Sunday, June 26, 2011

Remove Oralce Clusterware after Failed Installation

This is what oracle says how to remove the CRS after a failed
CRS installation:-


How to Clean Up After a Failed 10g or 11.1 Oracle Clusterware Installation.

Applies to:
Oracle Server - Enterprise Edition - Version: 10.1.0.2 to 11.1.0.8 - Release: 10.1 to 11.1

Generic UNIX

Purpose
The purpose of this document is to help DBA's and support analysts understand how
to clean up a failed CRS (Cluster Ready Services) install for 10g and 11.1 RAC.

For 11.2, see Note: 942166.1 How to Proceed from Failed 11gR2 Grid Infrastructure CRS) Installation

Scope and Application

DBA's and Support Analysts
How to Clean Up After a Failed 10g or 11.1 Oracle Clusterware Installation
10g and 11.1 RAC: How to Clean Up After a Failed CRS Install
------------------------------------------------------------

Not cleaning up a failed CRS install can cause problems like node reboots.
Follow these steps to clean up a failed CRS install:


1. Run the rootdelete.sh script then the rootdeinstall.sh script from the
$ORA_CRS_HOME/install directory on any nodes you are removing CRS from. Running
these scripts should be sufficent to clean up your CRS install. Rootdelete.sh
accepts options like nosharedvar/sharedvar, and nosharedhome/sharedhome. Make
yourself familiar with these options by reading the Oracle Clusterware and
Oracle Real Application Clusters Administration and Deployment Guide.
If you have any problems with these scripts please open a service request.
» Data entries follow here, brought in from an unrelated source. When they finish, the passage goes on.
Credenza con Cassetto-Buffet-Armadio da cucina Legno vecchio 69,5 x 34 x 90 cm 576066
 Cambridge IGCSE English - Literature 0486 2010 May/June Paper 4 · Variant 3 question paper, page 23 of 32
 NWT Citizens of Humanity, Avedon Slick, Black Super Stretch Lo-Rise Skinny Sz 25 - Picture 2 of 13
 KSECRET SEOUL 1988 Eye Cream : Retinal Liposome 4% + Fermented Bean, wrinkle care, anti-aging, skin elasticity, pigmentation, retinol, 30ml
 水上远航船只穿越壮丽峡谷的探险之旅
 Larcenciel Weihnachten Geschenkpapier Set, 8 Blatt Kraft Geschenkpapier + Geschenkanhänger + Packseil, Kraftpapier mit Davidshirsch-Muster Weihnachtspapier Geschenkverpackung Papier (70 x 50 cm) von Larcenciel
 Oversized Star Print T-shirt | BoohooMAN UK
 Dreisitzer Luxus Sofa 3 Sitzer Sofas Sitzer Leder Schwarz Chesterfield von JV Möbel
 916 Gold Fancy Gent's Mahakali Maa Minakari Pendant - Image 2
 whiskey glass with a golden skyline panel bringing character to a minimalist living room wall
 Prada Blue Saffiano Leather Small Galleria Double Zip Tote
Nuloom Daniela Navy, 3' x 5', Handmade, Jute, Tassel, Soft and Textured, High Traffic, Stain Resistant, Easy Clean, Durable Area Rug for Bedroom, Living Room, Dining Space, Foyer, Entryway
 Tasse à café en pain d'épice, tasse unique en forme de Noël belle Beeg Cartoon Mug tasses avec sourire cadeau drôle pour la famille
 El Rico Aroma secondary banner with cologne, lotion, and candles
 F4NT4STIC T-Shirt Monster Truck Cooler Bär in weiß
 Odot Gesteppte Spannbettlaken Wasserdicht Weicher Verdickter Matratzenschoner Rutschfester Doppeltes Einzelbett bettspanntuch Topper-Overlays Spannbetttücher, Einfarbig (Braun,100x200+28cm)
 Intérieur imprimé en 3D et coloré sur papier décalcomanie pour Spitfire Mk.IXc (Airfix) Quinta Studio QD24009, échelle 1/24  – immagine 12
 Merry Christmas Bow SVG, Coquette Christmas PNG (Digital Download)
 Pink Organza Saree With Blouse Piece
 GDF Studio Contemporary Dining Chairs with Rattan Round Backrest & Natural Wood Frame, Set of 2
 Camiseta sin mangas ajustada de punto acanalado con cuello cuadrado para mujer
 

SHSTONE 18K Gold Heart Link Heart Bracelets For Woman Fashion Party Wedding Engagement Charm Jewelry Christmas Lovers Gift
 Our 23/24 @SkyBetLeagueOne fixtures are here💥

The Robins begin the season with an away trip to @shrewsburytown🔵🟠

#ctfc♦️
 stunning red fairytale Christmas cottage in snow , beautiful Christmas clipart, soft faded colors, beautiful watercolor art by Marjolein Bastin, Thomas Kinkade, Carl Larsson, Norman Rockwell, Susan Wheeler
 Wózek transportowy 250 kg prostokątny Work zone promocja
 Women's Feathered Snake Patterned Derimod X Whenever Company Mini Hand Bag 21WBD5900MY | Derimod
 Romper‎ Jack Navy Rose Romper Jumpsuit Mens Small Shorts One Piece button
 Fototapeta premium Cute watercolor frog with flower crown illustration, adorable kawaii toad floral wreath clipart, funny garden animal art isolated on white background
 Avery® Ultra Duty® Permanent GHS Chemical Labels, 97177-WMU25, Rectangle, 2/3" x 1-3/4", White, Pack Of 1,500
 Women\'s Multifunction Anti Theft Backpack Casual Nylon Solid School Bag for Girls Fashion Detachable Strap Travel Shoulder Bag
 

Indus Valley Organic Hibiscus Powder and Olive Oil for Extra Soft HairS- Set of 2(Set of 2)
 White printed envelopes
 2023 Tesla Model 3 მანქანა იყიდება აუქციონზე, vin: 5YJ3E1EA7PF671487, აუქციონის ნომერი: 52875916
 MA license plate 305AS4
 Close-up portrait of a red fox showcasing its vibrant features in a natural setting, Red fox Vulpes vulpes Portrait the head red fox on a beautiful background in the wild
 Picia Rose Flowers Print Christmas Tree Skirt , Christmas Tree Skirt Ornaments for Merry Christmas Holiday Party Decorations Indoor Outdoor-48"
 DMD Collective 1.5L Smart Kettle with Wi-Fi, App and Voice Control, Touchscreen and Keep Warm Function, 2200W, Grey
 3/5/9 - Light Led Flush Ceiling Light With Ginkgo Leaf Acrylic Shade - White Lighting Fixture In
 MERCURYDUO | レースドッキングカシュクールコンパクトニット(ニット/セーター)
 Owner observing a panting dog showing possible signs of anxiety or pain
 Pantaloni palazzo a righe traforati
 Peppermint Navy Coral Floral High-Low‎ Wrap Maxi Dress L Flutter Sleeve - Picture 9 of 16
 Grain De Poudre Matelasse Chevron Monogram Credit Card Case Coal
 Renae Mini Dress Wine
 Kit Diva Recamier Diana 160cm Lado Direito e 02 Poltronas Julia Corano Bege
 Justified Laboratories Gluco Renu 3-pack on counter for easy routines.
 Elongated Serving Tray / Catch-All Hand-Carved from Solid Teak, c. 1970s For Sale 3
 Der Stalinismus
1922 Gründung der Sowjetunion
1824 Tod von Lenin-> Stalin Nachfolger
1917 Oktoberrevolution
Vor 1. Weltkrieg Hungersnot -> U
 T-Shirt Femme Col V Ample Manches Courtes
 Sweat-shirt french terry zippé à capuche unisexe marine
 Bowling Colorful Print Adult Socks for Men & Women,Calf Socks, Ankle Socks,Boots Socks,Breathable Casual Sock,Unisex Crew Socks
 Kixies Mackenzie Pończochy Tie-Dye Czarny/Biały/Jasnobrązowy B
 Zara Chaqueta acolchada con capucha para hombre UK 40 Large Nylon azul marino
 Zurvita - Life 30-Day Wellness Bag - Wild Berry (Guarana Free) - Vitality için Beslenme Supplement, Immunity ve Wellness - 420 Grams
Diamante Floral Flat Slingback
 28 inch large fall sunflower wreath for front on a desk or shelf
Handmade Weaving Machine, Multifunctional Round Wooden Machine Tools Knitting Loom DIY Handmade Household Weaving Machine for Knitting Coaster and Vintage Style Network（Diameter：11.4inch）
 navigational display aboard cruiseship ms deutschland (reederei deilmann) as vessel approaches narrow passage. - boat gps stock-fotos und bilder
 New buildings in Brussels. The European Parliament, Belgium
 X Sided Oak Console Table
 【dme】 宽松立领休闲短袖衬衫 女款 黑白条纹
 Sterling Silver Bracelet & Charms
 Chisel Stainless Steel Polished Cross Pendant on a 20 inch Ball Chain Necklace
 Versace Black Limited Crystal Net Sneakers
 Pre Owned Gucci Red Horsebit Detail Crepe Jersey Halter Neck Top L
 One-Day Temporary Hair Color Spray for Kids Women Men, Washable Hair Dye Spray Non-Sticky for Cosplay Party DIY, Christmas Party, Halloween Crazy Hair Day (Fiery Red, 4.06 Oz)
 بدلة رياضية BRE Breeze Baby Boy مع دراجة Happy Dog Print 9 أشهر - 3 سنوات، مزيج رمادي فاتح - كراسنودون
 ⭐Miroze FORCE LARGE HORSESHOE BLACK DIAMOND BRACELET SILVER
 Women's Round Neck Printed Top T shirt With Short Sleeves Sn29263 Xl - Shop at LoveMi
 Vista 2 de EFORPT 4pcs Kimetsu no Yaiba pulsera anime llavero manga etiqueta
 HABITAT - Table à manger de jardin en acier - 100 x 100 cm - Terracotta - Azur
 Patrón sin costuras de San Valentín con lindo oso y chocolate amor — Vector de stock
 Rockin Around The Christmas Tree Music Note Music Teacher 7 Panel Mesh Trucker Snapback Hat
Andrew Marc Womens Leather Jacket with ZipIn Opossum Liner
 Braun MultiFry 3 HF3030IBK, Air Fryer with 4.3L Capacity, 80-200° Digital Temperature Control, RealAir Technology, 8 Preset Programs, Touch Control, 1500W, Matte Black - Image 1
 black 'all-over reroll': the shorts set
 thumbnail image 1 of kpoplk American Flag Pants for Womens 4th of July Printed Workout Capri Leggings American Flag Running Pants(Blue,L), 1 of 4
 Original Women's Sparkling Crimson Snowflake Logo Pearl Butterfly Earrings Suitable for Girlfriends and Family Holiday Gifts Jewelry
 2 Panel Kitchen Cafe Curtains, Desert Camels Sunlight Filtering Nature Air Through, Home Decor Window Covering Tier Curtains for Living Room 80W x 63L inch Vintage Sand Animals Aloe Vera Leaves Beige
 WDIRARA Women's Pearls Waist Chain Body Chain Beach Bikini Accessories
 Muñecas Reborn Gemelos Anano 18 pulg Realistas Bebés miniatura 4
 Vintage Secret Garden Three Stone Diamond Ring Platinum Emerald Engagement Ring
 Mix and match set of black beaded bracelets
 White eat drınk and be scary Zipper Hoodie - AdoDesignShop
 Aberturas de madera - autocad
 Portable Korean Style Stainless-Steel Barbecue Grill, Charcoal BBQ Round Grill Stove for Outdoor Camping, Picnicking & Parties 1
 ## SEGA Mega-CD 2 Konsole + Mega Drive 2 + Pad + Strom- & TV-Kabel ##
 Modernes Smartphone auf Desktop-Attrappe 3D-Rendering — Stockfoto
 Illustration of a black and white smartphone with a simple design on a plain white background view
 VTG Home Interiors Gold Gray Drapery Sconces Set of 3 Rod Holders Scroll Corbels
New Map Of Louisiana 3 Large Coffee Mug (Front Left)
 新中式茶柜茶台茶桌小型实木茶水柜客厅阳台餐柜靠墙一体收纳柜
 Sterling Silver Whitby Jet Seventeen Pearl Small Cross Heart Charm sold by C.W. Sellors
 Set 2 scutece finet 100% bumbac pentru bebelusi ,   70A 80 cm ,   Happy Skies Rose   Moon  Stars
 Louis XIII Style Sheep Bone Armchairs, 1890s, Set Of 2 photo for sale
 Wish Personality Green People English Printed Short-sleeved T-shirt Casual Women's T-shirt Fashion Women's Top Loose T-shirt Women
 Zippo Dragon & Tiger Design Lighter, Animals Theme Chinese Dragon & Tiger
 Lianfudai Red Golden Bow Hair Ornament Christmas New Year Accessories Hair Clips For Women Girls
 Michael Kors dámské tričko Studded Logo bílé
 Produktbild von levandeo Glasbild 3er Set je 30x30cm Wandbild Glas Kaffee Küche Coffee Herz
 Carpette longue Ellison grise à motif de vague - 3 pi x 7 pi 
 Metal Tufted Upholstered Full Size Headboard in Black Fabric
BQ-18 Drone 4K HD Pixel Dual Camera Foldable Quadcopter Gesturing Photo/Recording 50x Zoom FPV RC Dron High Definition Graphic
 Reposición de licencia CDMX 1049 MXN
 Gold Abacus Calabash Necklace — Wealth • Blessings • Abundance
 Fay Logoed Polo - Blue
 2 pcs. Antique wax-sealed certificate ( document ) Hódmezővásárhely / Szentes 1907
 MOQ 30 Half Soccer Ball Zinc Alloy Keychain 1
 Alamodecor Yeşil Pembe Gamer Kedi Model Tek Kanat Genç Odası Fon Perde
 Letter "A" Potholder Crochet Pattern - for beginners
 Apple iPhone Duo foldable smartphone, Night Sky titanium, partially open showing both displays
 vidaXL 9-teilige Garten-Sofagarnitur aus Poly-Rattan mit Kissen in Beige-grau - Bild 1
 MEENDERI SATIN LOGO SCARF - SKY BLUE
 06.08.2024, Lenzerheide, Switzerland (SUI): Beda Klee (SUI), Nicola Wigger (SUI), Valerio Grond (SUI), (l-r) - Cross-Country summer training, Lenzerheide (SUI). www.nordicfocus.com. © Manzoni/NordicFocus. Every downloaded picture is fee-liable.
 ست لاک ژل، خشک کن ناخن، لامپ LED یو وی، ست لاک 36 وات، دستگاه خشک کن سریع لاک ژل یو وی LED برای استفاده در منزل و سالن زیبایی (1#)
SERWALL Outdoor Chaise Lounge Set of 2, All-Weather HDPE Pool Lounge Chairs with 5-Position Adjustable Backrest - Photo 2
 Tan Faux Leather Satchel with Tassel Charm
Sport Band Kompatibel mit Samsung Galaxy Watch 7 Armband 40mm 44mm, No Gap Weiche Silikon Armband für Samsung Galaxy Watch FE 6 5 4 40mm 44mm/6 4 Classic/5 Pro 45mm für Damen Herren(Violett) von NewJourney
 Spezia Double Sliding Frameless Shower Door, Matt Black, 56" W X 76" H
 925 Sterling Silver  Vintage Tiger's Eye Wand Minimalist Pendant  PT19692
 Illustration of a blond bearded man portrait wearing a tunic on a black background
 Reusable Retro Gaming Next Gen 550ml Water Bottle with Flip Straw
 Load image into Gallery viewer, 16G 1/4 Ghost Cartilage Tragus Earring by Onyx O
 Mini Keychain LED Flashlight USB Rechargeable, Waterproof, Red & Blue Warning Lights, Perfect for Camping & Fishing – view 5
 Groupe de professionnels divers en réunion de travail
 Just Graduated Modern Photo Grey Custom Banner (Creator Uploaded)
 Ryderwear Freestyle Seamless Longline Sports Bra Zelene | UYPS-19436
If for some reason you have to manually remove the install due to problems
with the scripts, continue to step 2:



2. Stop the Nodeapps on all nodes:



srvctl stop nodeapps -n


3. Prevent CRS from starting when the node boots. To do this issue the following
as root:

Sun:

rm /etc/init.d/init.cssd
rm /etc/init.d/init.crs
rm /etc/init.d/init.crsd
rm /etc/init.d/init.evmd
rm /etc/rc3.d/K96init.crs
rm /etc/rc3.d/S96init.crs
rm -Rf /var/opt/oracle/scls_scr
rm -Rf /var/opt/oracle/oprocd
rm /etc/inittab.crs
cp /etc/inittab.orig /etc/inittab

Linux:

rm /etc/oracle/*
rm -f /etc/init.d/init.cssd
rm -f /etc/init.d/init.crs
rm -f /etc/init.d/init.crsd
rm -f /etc/init.d/init.evmd
rm -f /etc/rc2.d/K96init.crs
rm -f /etc/rc2.d/S96init.crs
rm -f /etc/rc3.d/K96init.crs
rm -f /etc/rc3.d/S96init.crs
rm -f /etc/rc5.d/K96init.crs
rm -f /etc/rc5.d/S96init.crs
rm -Rf /etc/oracle/scls_scr
rm -f /etc/inittab.crs
cp /etc/inittab.orig /etc/inittab

HP-UX:

rm /sbin/init.d/init.cssd
rm /sbin/init.d/init.crs
rm /sbin/init.d/init.crsd
rm /sbin/init.d/init.evmd
rm /sbin/rc2.d/K960init.crs
rm /sbin/rc2.d/K001init.crs
rm /sbin/rc3.d/K960init.crs
rm /sbin/rc3.d/S960init.crs
rm -Rf /var/opt/oracle/scls_scr
rm -Rf /var/opt/oracle/oprocd
rm /etc/inittab.crs
cp /etc/inittab.orig /etc/inittab

HP Tru64:

rm /sbin/init.d/init.cssd
rm /sbin/init.d/init.crs
rm /sbin/init.d/init.crsd
rm /sbin/init.d/init.evmd
rm /sbin/rc3.d/K96init.crs
rm /sbin/rc3.d/S96init.crs
rm -Rf /var/opt/oracle/scls_scr
rm -Rf /var/opt/oracle/oprocd
rm /etc/inittab.crs
cp /etc/inittab.orig /etc/inittab

IBM AIX:

rm /etc/init.cssd
rm /etc/init.crs
rm /etc/init.crsd
rm /etc/init.evmd
rm /etc/rc.d/rc2.d/K96init.crs
rm /etc/rc.d/rc2.d/S96init.crs
rm -Rf /etc/oracle/scls_scr
rm -Rf /etc/oracle/oprocd
rm /etc/inittab.crs
cp /etc/inittab.orig /etc/inittab

4. If they are not already down, kill off EVM, CRS, and CSS processes or reboot
the node:

ps -ef | grep crs
kill
ps -ef | grep evm
kill
ps -ef | grep css
kill

Do not kill any OS processes, for example icssvr_daemon process !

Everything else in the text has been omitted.